In 2018, the European Commission’s High-Level Expert Group for Artificial Intelligence published Ethics Guidelines for Trustworthy AI. It states that “AI is not an end in itself” but a promising means to achieve the goals of “enhancing individual and societal well-being and the common good, as well as bringing progress and innovation.”
New technologies such as the blockchain could also make a deliberate contribution to meeting these criteria and enhancing the decentralization and transparency of data streams.

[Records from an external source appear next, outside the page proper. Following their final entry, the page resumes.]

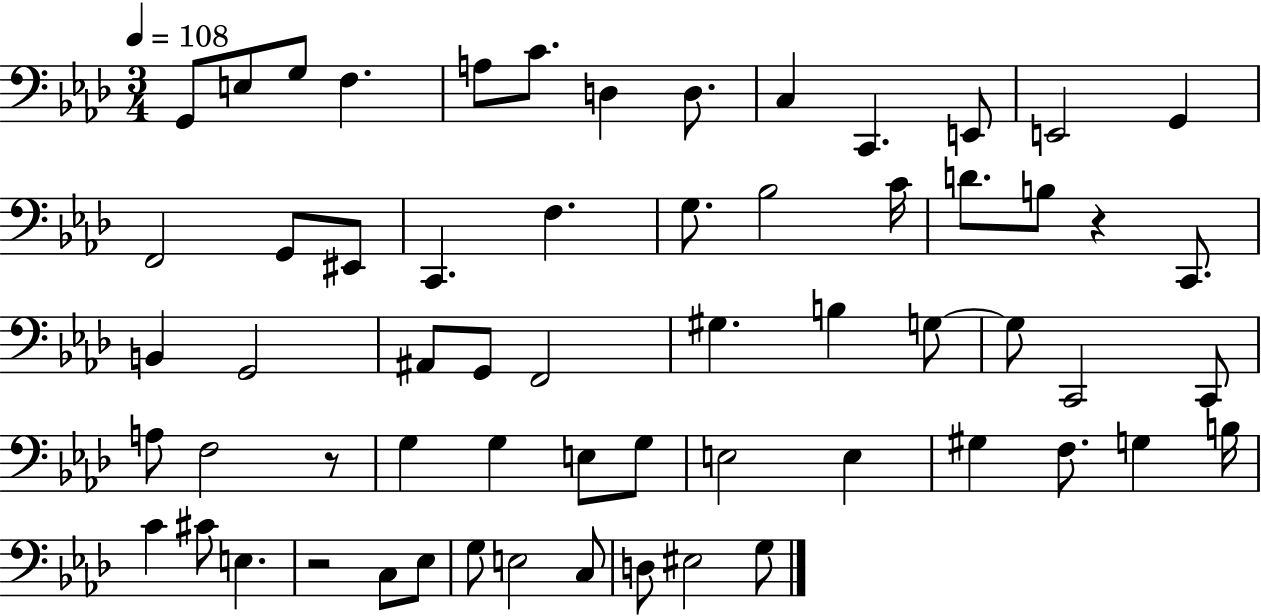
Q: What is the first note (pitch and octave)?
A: G2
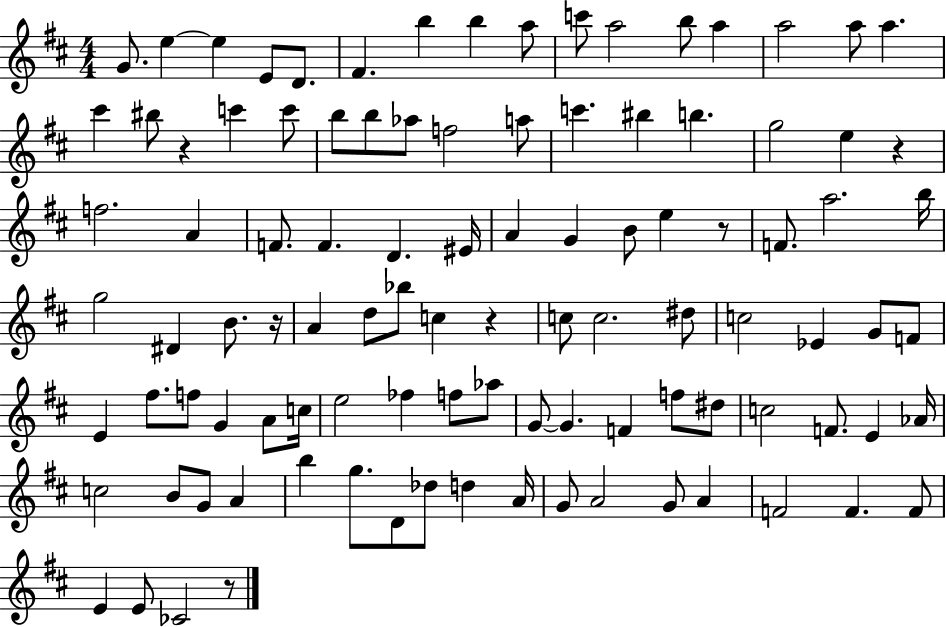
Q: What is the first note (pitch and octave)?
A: G4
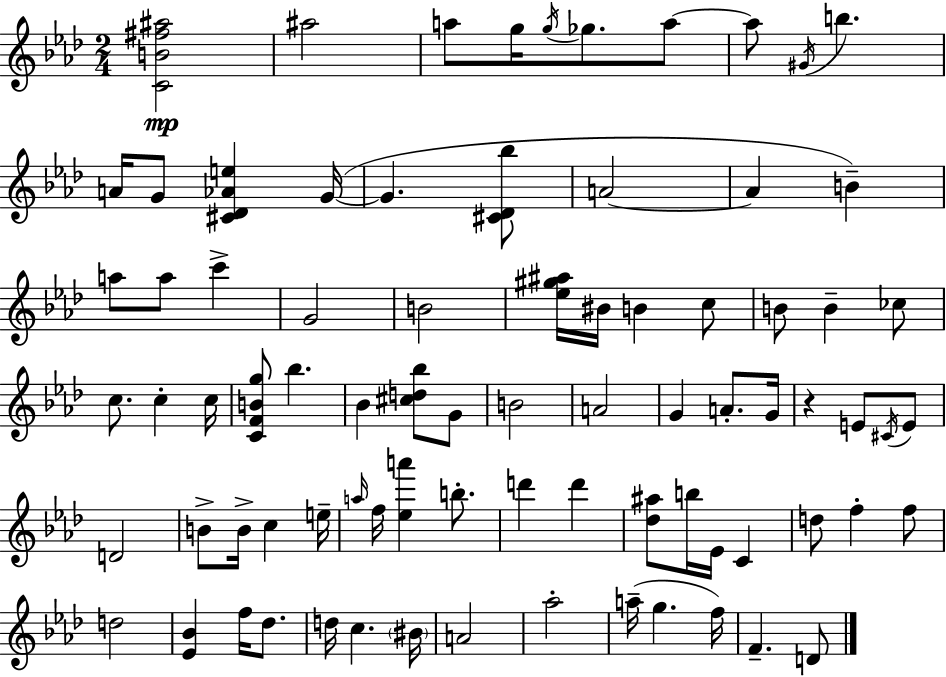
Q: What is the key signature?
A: AES major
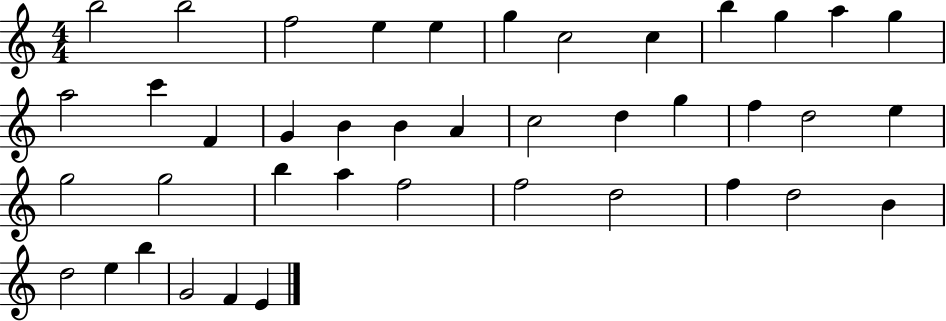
{
  \clef treble
  \numericTimeSignature
  \time 4/4
  \key c \major
  b''2 b''2 | f''2 e''4 e''4 | g''4 c''2 c''4 | b''4 g''4 a''4 g''4 | \break a''2 c'''4 f'4 | g'4 b'4 b'4 a'4 | c''2 d''4 g''4 | f''4 d''2 e''4 | \break g''2 g''2 | b''4 a''4 f''2 | f''2 d''2 | f''4 d''2 b'4 | \break d''2 e''4 b''4 | g'2 f'4 e'4 | \bar "|."
}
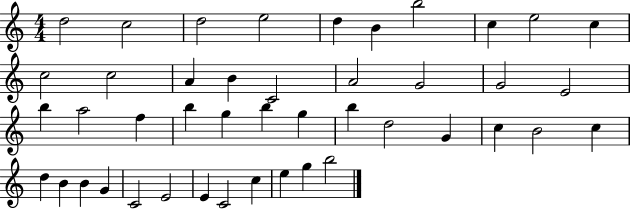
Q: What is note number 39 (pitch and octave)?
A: E4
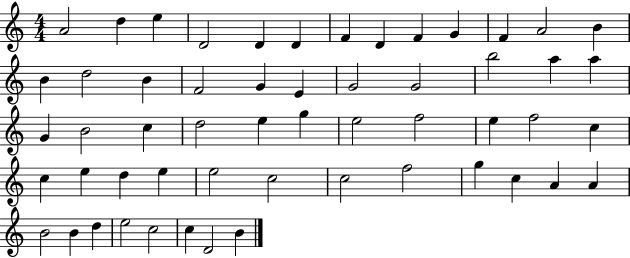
A4/h D5/q E5/q D4/h D4/q D4/q F4/q D4/q F4/q G4/q F4/q A4/h B4/q B4/q D5/h B4/q F4/h G4/q E4/q G4/h G4/h B5/h A5/q A5/q G4/q B4/h C5/q D5/h E5/q G5/q E5/h F5/h E5/q F5/h C5/q C5/q E5/q D5/q E5/q E5/h C5/h C5/h F5/h G5/q C5/q A4/q A4/q B4/h B4/q D5/q E5/h C5/h C5/q D4/h B4/q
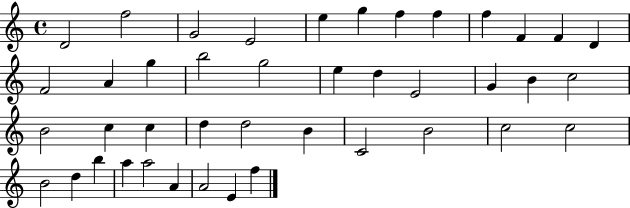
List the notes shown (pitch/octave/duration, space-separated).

D4/h F5/h G4/h E4/h E5/q G5/q F5/q F5/q F5/q F4/q F4/q D4/q F4/h A4/q G5/q B5/h G5/h E5/q D5/q E4/h G4/q B4/q C5/h B4/h C5/q C5/q D5/q D5/h B4/q C4/h B4/h C5/h C5/h B4/h D5/q B5/q A5/q A5/h A4/q A4/h E4/q F5/q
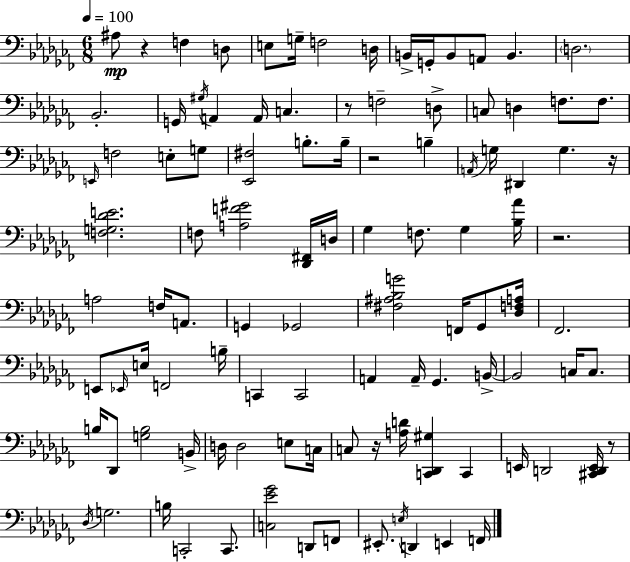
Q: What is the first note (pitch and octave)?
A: A#3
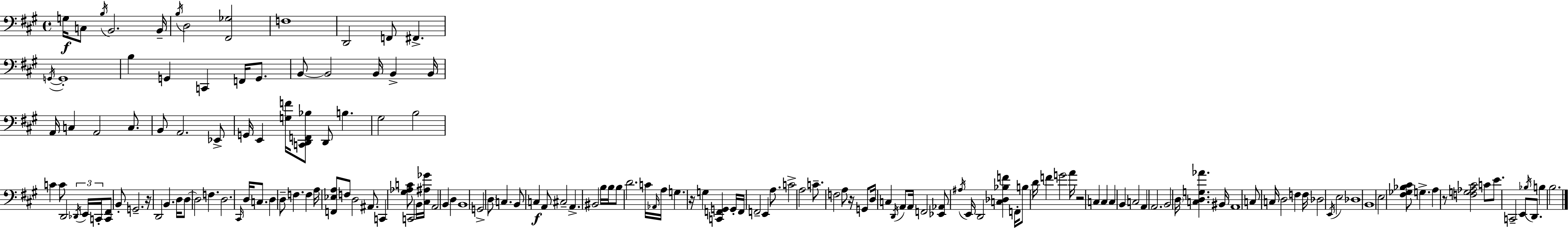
X:1
T:Untitled
M:4/4
L:1/4
K:A
G,/4 C,/2 B,/4 B,,2 B,,/4 B,/4 D,2 [^F,,_G,]2 F,4 D,,2 F,,/2 ^F,, G,,/4 G,,4 B, G,, C,, F,,/4 G,,/2 B,,/2 B,,2 B,,/4 B,, B,,/4 A,,/4 C, A,,2 C,/2 B,,/2 A,,2 _E,,/2 G,,/4 E,, [G,F]/4 [C,,D,,F,,_B,]/2 D,,/2 B, ^G,2 B,2 C C/2 D,,2 _D,,/4 E,,/4 C,,/4 [C,,^F,,]/2 B,,/2 G,,2 z/4 D,,2 B,, D,/4 D,/2 D,2 F, D,2 ^C,,/4 D,/4 C,/2 D, D,/2 F, F, A,/4 [F,,_E,A,]/2 F,/2 D,2 ^A,,/2 C,, [^G,_A,C]/2 C,,2 B,,/4 [^C,^A,_G]/4 A,,2 B,, D, B,,4 G,,2 D,/2 C, B,,/2 C, A,,/2 ^C,2 A,, ^B,,2 B,/4 B,/4 B,/2 D2 C/4 _A,,/4 A,/4 G, z/4 G, [C,,F,,G,,] G,,/4 F,,/4 F,,2 E,, A,/2 C2 A,2 C/2 F,2 A,/2 z/4 G,,/2 D,/4 C, D,,/4 A,,/2 A,,/4 F,,2 [_E,,_A,,]/2 ^A,/4 E,,/4 D,,2 [C,_D,_B,F] F,,/4 B,/2 D/4 F G2 A/4 z2 C, C, C, B,, C,2 A,, A,,2 B,,2 D,/4 [C,D,G,_A] ^B,,/4 A,,4 C,/2 C,/4 D,2 F, F,/4 _D,2 E,,/4 E,2 _D,4 B,,4 E,2 [^F,_G,_B,^C]/2 G, A, z/2 [F,G,_A,^C]2 C/2 E/2 C,,2 E,,/2 _B,/4 D,,/2 B, B,2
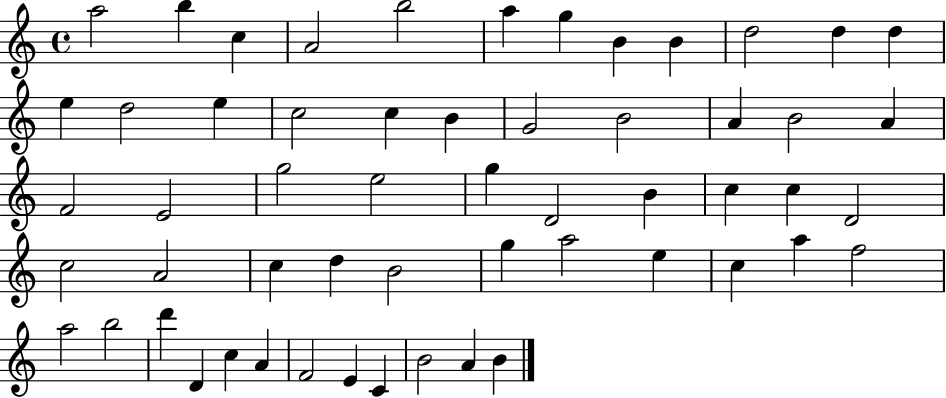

“It’s not necessary for everybody to become a digital expert or data scientist,” Martin Giesswein says. “But it’s certainly important to convey digital skills to all people so that they don’t get lost in the digital economy. Particularly managers absolutely must have a solid grasp of digital methods, digital business models, and digital ethics, which includes ethical ways of processing user data and using fair, unbiased AI,” Barbara Stöttinger explains. She points to the huge untapped potential: “Women account for less than 20 percent of ICT students,” Stöttinger says. She also emphasizes that every citizen needs basic knowledge in this field in order to be able to take responsible decisions. “Many of us don’t treat their personal data very prudently, sharing a great deal of private information on social media. The better we understand how digital mechanisms work, the more we can act as mature citizens,” Martin Giesswein holds. And the same goes for companies and managers: “Particularly universities and business schools have a responsibility to educate and inform people – which requires targeted research and teaching.”
For Martin Giesswein and Barbara Stöttinger, the current developments harbor enormous potential: “Humanism has always been a good instrument to keep capitalism’s antics in check. And digital humanism will do the same for the digital economy’s capitalism.” The WU Executive Academy will also play its part, equipping managers and executives with strategic advice and checklists for the implementation of digital-humanist principles.